Die Verantwortlichen hinter der Fusion sind überzeugt, dass sie die Herausforderungen der Strommarktliberalisierung – neue Geschäftsmodelle, Modernisierung – nur als grösseres Unternehmen erfolgreich meistern können.
Quartierstrom: Idee mit Zukunft
Der Strommarkt ist dynamisch, und die Entwicklungen sind vielfältig. Versorger wie das Wasser- und Elektrizitätswerk Walenstadt (WEW) wollen Schritt halten. WEW ist Teil eines Feldversuchs, bei dem in einem Wohnquartier Personen mit Photovoltaikanlagen
Strom ins Netz speisen, den ihre Nachbarn beziehen können. Verschiedene Schweizer Hochschulen begleiten das Projekt. Herzstück der «Quartierstrom»-Idee sind die Strom-Prosumenten. Dabei handelt es sich um Personen und Haushalte, die tagsüber mit ihren Photovoltaik-Anlagen Strom produzieren und die nicht benötigte Energie in das Stromnetz einspeisen. In der Nacht konsumieren sie Strom. Vom Strom, den die Prosumenten in das Netz einspeisen, profitieren die Nachbarn: Dank Smart Metern und einer App können sie den Strom von nebenan beziehen.

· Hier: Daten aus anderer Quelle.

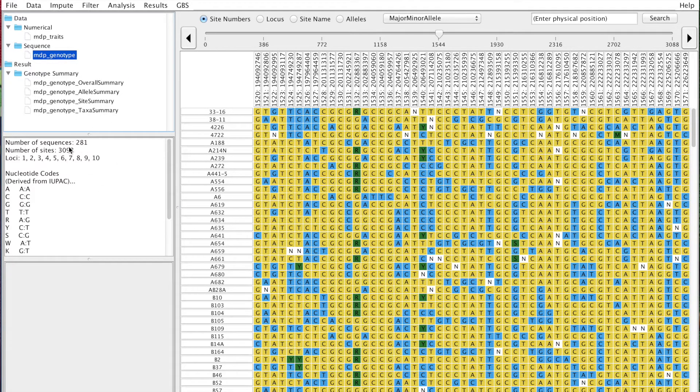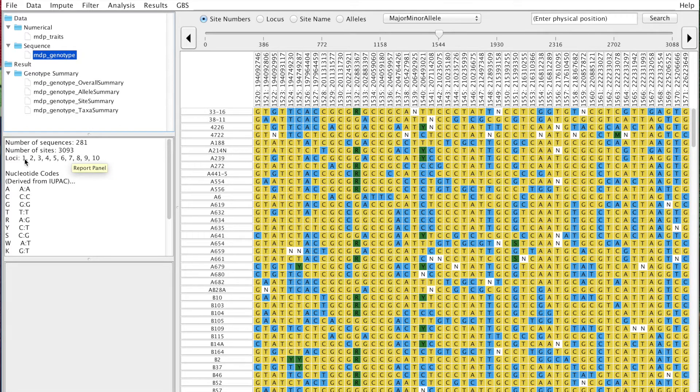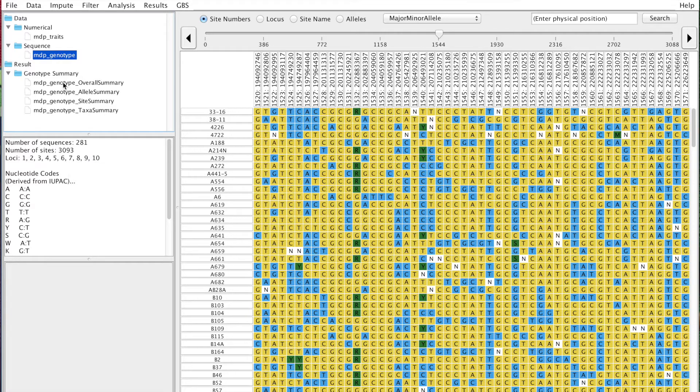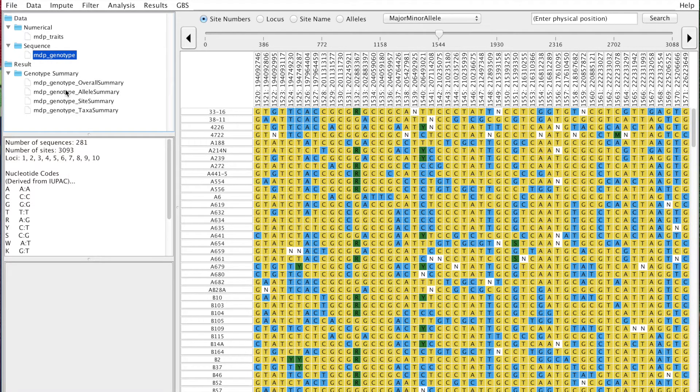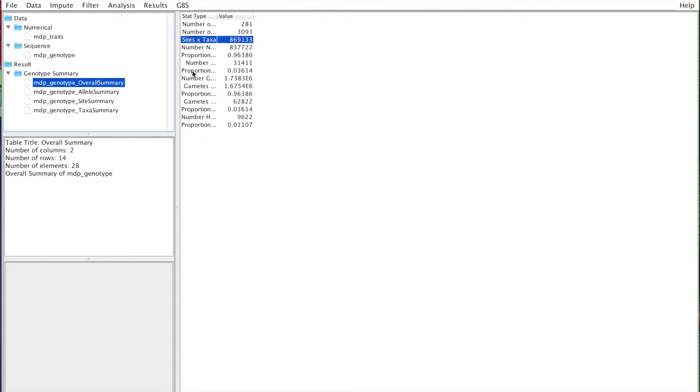When you go back to your genotype, you see that you have 281 sequences or taxa and 3,093 sites, and it tells you the number of chromosomes. All this information is already there, so the overall summary may not be as meaningful as you expect. There are other things like the number of gametes in the documentation online.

Stromversorger in neuer Rolle
Der Feldversuch im sankt-gallischen Walenstadt wurde erfolgreich abgeschlossen – und wird nun in einem grösseren Massstab und mit angepassten Rahmenbedingungen weitergeführt. WEW ist in das Projekt eingebunden und bezeichnet den «Quartierstrom» als eine Form der Stromversorgung der Zukunft.
WEW stellt die Infrastruktur zur Verfügung und springt mit seinem Strom ein, wenn die Menge aus lokaler Produktion den Bedarf nicht deckt. Die Konsumenten profitieren, indem sie festlegen können, wie viel sie maximal für den Strom bezahlen möchten. Die Prosumenten ihrerseits können mit den Einnahmen aus ihrem verkauften Strom die Photovoltaik-Anlage amortisieren.